3) Continue to eat well and exercise, as well as strive to get more sleep! I recently made "Go to bed by 11:00 every weeknight" and "Get to work before 8:45" into new SparkPeople Goals, so I think this will add a bit of extra motivation to my daily feats of getting up and out the door.

I will keep you updated, on my goals, as well as on life in general. I feel better even as I write this!

GRATITUDE: FROM FEBRUARY 1ST, 2009

Today I am writing a list of ten things for which I am grateful:

1) I am grateful for my boyfriend, who is goofy and thinks I am cute, and who is constantly writing to-do lists.

2) I'm grateful for my friends, Dan and Dave and Maggie, who are an endless source of amusing conversation.

3) I'm grateful for the fact that each day is a chance to start anew.

4) I'm grateful that I can learn about Qi Gong, Reiki, reflexology, and other types of energy healing.

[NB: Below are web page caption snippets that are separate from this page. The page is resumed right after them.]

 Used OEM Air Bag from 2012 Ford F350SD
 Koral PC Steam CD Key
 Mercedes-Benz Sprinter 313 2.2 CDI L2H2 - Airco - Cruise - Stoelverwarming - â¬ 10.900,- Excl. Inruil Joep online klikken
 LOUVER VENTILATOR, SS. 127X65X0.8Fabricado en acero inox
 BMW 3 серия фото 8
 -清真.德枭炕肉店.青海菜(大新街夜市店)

5) I'm grateful for my job, which is giving me a chance to test my abilities and form new habits.

6) I'm grateful for Lake Superior and the beautiful surroundings in which I live.

7) I'm grateful for my cat, who finds interest in the most ordinary things.

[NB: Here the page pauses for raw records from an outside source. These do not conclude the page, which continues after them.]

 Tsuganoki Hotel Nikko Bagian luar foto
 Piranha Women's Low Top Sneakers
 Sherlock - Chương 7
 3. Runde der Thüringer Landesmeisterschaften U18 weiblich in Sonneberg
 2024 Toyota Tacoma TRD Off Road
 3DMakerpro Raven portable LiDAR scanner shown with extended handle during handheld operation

8) I'm grateful for the elderly, for children, and for people who come from different backgrounds than mine. They all remind me to look outside myself.

9) I'm grateful for religions of all kinds, and that I have the freedom to explore them.

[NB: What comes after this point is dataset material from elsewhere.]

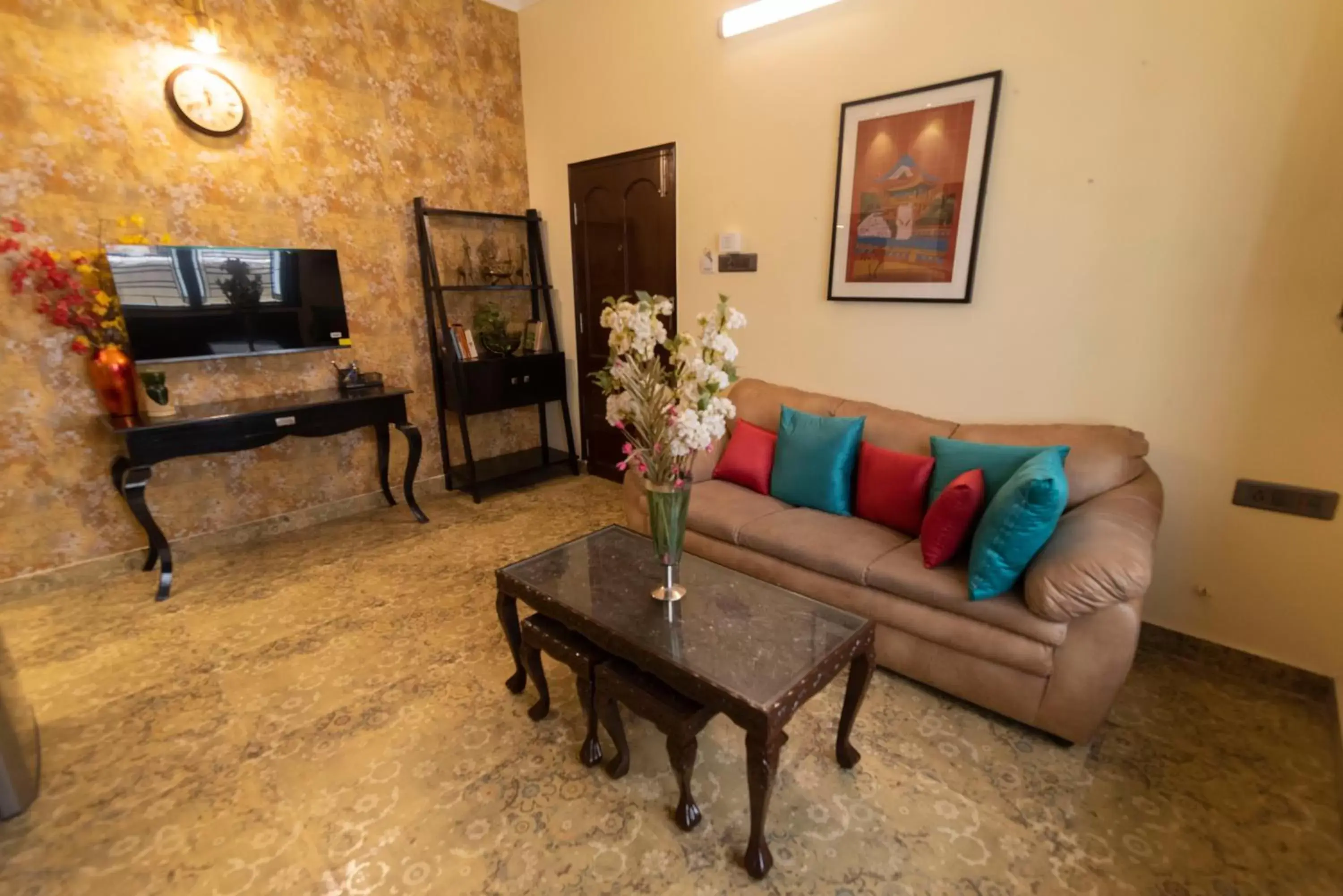 Living room in J's Nest Living room in J's Nest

10) I'm grateful for my family, my friends, for the human race and for all the animals, for each plant and each stone. I'm grateful for the miraculous and mysterious web that is creation. I am eternally grateful that the gift of life has been bestowed upon me. But mostly I am grateful for love.

Blessed Be.

20 January 2009

MY FREAKING CAT

My cat is quite possibly the only "companion animal" on Earth that RAISES blood pressure!!! I got her 2.5 years ago as a companion pet to help with my depression, thinking that pretty much any cat could qualify as one of those.

[Although, in all honesty, I basically just wanted a cat and my apartment building wouldn't allow one without an Official Doctor's Note... I know, it's wrong to exaggerate one's depression. But it's also a stupid rule!]

ANYWAY, as I was saying: Never, ever, EVER, adopt a formerly stray cat who needs a home after living with 6 college boys who took it in off the streets and then pretty much just hosted parties in their enormous house while the cat shredded up endless rolls of toilet paper to keep itself entertained...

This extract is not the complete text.